MRE 103 Amended
May 31, 2016 § Leave a comment
The MSSC entered an order on May 26 amending MRE 103. The full text of the order and the amended rule are at this link.
This particular rule change adds a subparagraph (3) to R103(a) that reads as follows:
(3) Effects of Definitive Rulings. Once the court makes a definitive ruling on the record admitting or excluding evidence, either at or before trial, a party need not renew an objection or offer of proof to preserve a claim of error for appeal. Moreover, a party who objects to evidence of a prior conviction the court finds admissible in a definitive ruling does not waive or forfeit a claim of error by offering the evidence. But if under the court’s ruling there is a condition precedent to admission or exclusion, such as the introduction of certain testimony or the pursuit of a certain claim or defense, no claim of error may be predicated upon the ruling unless the condition precedent is satisfied.
This brings Mississippi’s R103 closer to the federal counterpart.
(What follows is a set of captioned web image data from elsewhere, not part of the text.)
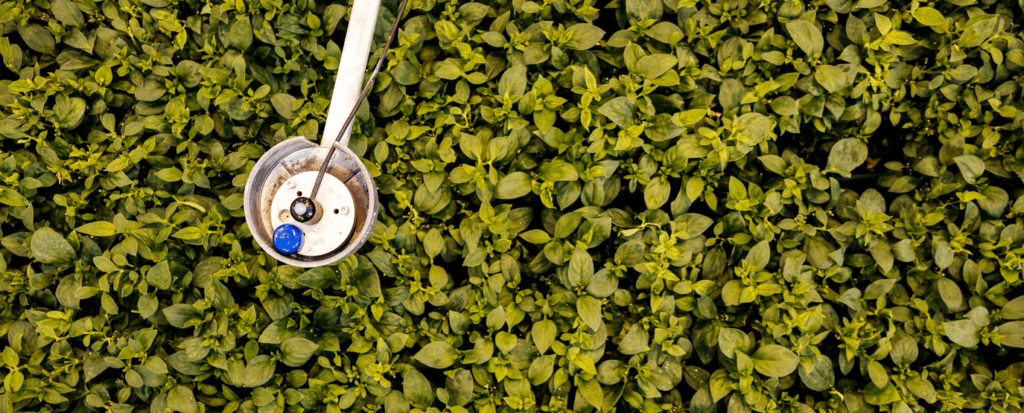Light sensor in field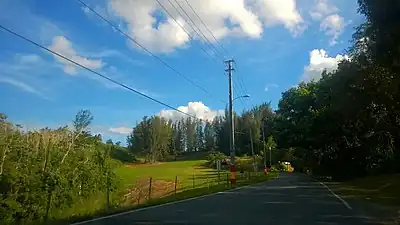 PR-806 south between Toa Alta and Corozal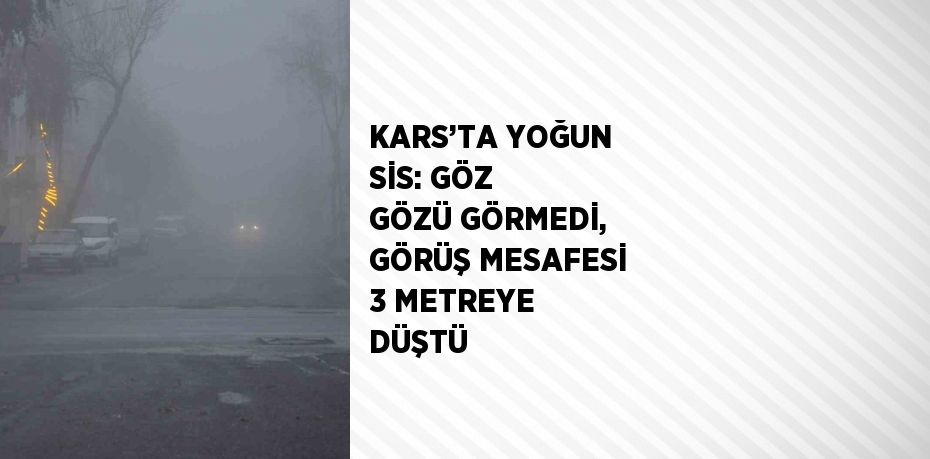 KARS’TA YOĞUN SİS: GÖZ GÖZÜ GÖRMEDİ, GÖRÜŞ MESAFESİ 3 METREYE DÜŞTÜ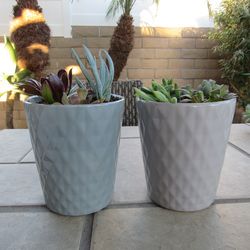 Set Of Blue/Gray & Light Gray Print Garden Pots With Succulents
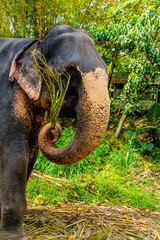 large Asian elephant with specific skin color,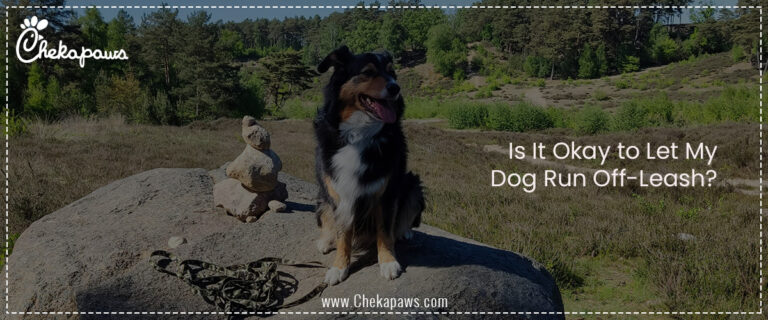 Is It Okay to Let My Dog Run Off-Leash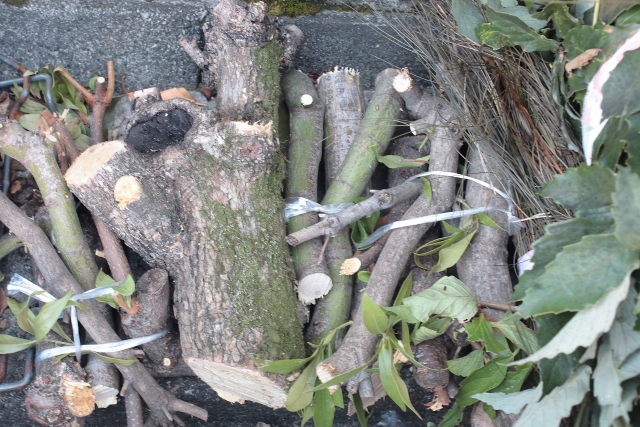 剪定した枝葉のゴミ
I’ll leave it to you to puzzle out exactly how this might affect your practice, but I think the key word is renew, meaning that once the court has ruled definitely on admissibility, nothing needs to be renewed. It does not mean that an offer of proof per R103(a)(2) is not necessary to place the controverted evidence into the record. I also think as a practical matter that this will have greater application in criminal cases, where pre-trial exclusionary orders have been entered, than it will in chancery matters.